We are working on some ideas around pseudo randomness for ULIDs and UUIDs and it occurred to me that it would be really nice to have some exposure to the message ID that is currently being processed as input for creating pseudo-randomness. Something like Hash.hash(Principal.fromActor(this), Time.now(), msg.messageID) would produce a ‘good enough’ randomness for most applications. I understand that after an await this value might change? But maybe that is a good thing.
When designing the system interface (and the conceptual programming model), it was a design goal to insulate the programming from implementation details of the underlying system.in particular stuff like blocks are clearly implementation details (although back then were framing the system as not a blockchain, so maybe we would do it differently now?).
So I still don’t recommend exposing data. Instead, of you need pseudo randomness, maybe request a synchronous access to pseudo randomness from the system, so that the API stays declarative.

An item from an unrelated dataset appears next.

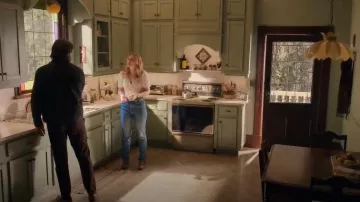 Blusa Sezane Emma usada por Melinda Monroe (Alexandra Breckenridge) como se ve en Virgin River (S06E07)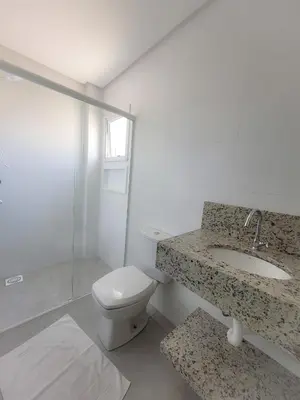 Uma casa de banho em Mariscal Flat Premium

That would work as well. What are the chances of getting psuedo randomness exposed through the random package?
I guess if simple pseudo randomness, seeded with the available information to the canister, is enough, it could be a Motoko feature that doesn’t require changes to the Internet Computer. But the Motoko team isn’t really overstaffed at the moment, so I’m not sure how fast we can do it.

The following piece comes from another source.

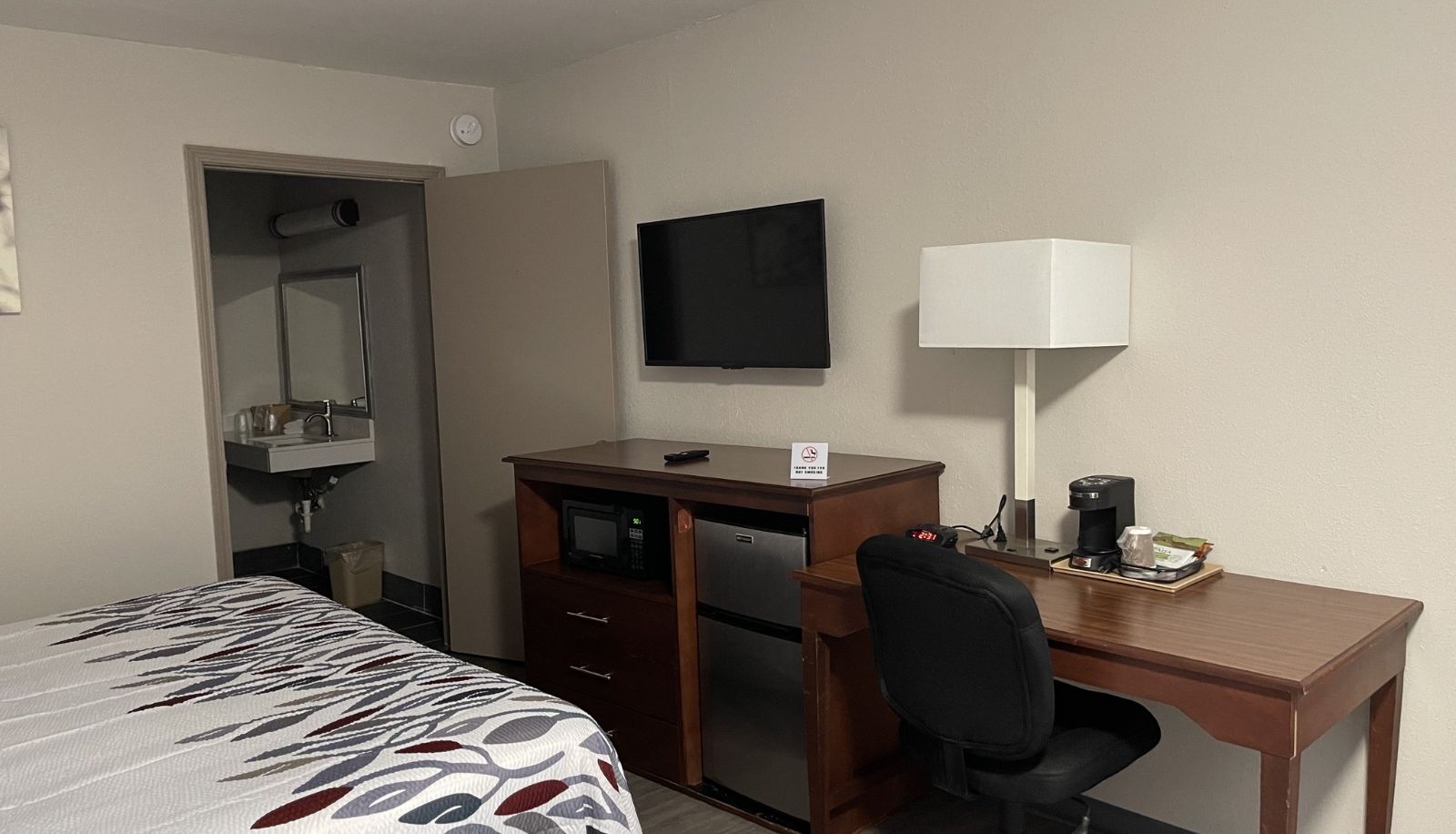 Room - Red Roof Inn LaGrange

It might be an interesting task for someone who wants to get involved with Motoko developent, though!
(But first write an issue with a rough design outline and get approval from Andreas first before pouring work into this. It would probably a single prim returning a Nat64
, and the internals a simple PRNG, seeded with canister id and reseeded with, say, time and message size and other data upon every message invocation; that would be implemented in the RTS code.)